Tactical grade or aided consumer MEMS? Almost always aided consumer or industrial MEMS. If you can aid frequently with GNSS, vision, or odometry, the aiding source sets your accuracy and the IMU only bridges gaps, so a $3 to $50 part suffices. Pay for tactical or navigation grade only when aiding is rare and you must dead-reckon for minutes to hours unaided.
What does g-sensitivity mean for a drone or legged robot? It means linear acceleration induces a false gyro rate, typically a fraction of a °/s per g. On a vibrating airframe or a foot-slamming leg, this and vibration rectification can exceed the quiet-bench bias by an order of magnitude. Soft-mount the IMU, notch-filter the dominant vibration harmonics, and pick a part specified for high vibration, such as the BMI088.

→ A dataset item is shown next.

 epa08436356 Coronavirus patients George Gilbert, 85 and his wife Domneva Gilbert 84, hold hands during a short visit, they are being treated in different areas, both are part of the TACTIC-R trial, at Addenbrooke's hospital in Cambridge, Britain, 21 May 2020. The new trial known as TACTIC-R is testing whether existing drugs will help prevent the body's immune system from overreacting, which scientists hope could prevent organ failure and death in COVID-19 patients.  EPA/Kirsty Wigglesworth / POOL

Loosely coupled or tightly coupled INS/GNSS? Loosely coupled fuses the GNSS position/velocity solution and is simple but needs a full fix (four-plus satellites) to help at all. Tightly coupled fuses raw pseudoranges and carrier phase, so even one or two satellites still constrain the solution and the INS carries the receiver's clock through partial dropouts. Use tight coupling where GNSS is marginal (urban canyons, foliage) and you can afford the extra complexity.
Why does my attitude estimate drift when the robot vibrates even though it sits still on the bench? Vibration rectification and g-sensitivity. Zero-mean vibration does not average to zero after the sensor's nonlinearities, and linear vibration leaks into the gyro through g-sensitivity, both lifting the effective bias. A filter tuned to the quiet-bench Allan curve then trusts a drifting gyro. Fix it with mechanical isolation, notch filtering, and process noise tuned to the in-motion noise floor.
Can I use an IMU indoors without GNSS? Yes, but you must aid it with something else: visual-inertial odometry, LiDAR-inertial odometry, wheel odometry, a barometer for altitude, or zero-velocity updates when the robot is stationary. The IMU supplies smooth high-rate motion; the indoor aiding source bounds the drift including yaw. This is exactly how indoor drones and legged robots hold position without satellites.